『日本書記』には、藤原不比等の恐るべき野望が込められていた・・・【山椒読書論(108)】
「聖徳太子は架空の人物であった」という大胆な仮説で知られる大山誠一が、「日本書紀は藤原不比等(ふひと)が創作した」という仮説に取り組んだのが、『天孫降臨の夢――藤原不比等のプロジェクト』(大山誠一著、NHKブックス)である。
実は、「日本書紀は不比等が創作した」という説は、1970年に梅原猛が『神々の流竄』で、1983年には佐々克明が『養老元年の編集会議――日本正史誕生秘話』で既に発表しているが、本書は、先進国家である中国に対し、我が日本にも「天皇」という中国の皇帝に負けないような権威を有する立派な君主がいるぞ、馬鹿にしないでくれ、と見栄を張るために、天才的な聖徳太子と、高天原・天孫降臨・万世一系という神話(以下、天孫降臨神話と呼ぶ)を創作した、と主張している点で、説得力が増している。
不比等が聖徳太子を捏造したのは、なぜか――「『日本書紀』編者は、(飛鳥に君臨した実力者の)蘇我馬子という現実を排除して、聖徳太子と推古女帝という虚構を記した。本来、仏教伝来と興隆の功績は蘇我氏のものであった。『日本書紀』編者は、聖徳太子を捏造して蘇我馬子の事績のほとんどを聖徳太子との共同事業とし、最後に推古を登場させ、蘇我馬子の功績を横取りしたのである。言わば、蘇我馬子の功績の上に、聖徳太子と推古の名を上塗りしたのである」。

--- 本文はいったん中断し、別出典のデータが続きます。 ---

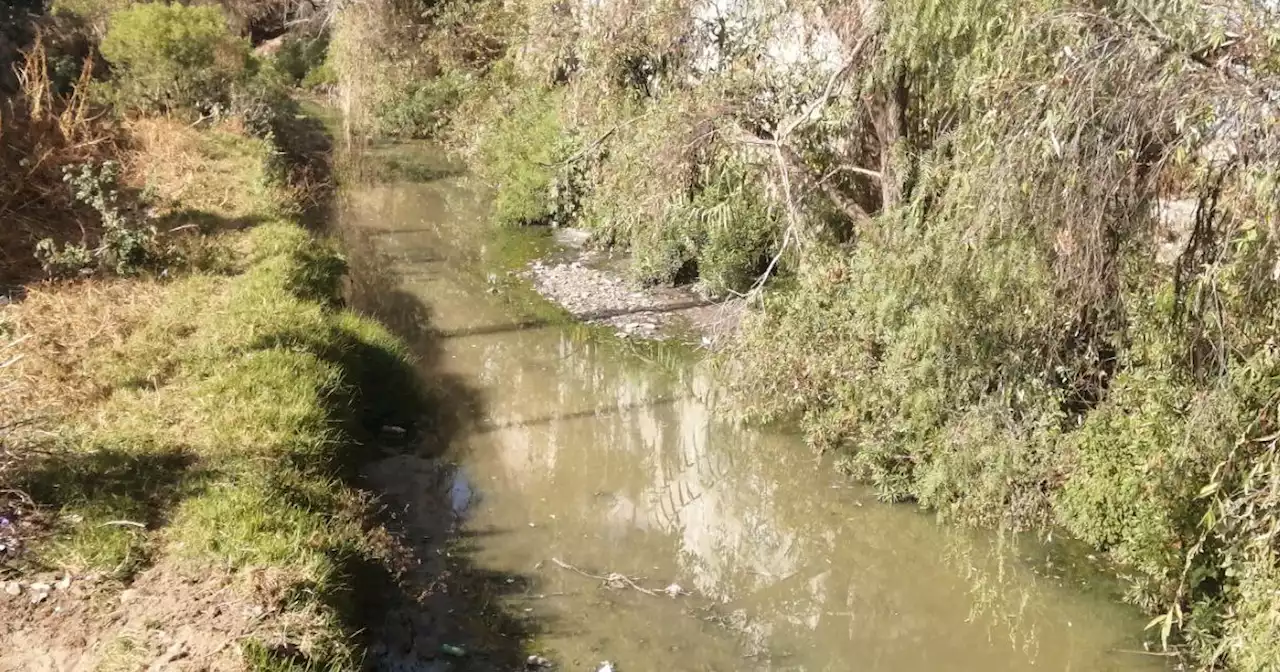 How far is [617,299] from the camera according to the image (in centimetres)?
1103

不比等が天孫降臨神話を創作したのは、なぜか――「(不比等は)草壁(天武天皇の皇子)の血を引き、不比等の娘が生んだ皇子(後の聖武天皇)の即位にこだわっている。草壁と不比等の交点に成立した一系の血筋。草壁、軽(後の文武天皇)、首(聖武)の血筋を、父系をたどって遠く神代まで遡らせていくと高天原・天孫降臨に始まる万世一系の神話にいたる。こうして不比等が作った神話こそ、『日本書紀』の論理の中核になる。過去の歴史に、蘇我王朝が存在してはならなかったのである。(『日本書紀』の成立により)万世一系の神話を維持し、同時に、皇位を不比等自身の子孫で独占できるからである」。
こうして、不比等の苦心の作である『日本書紀』は、中国に天皇家の存在を誇示すること、天皇家や豪族、ならびにその子孫たちに天皇支配の正当性を認識させること――という2つの目的を見事に果たしたのである。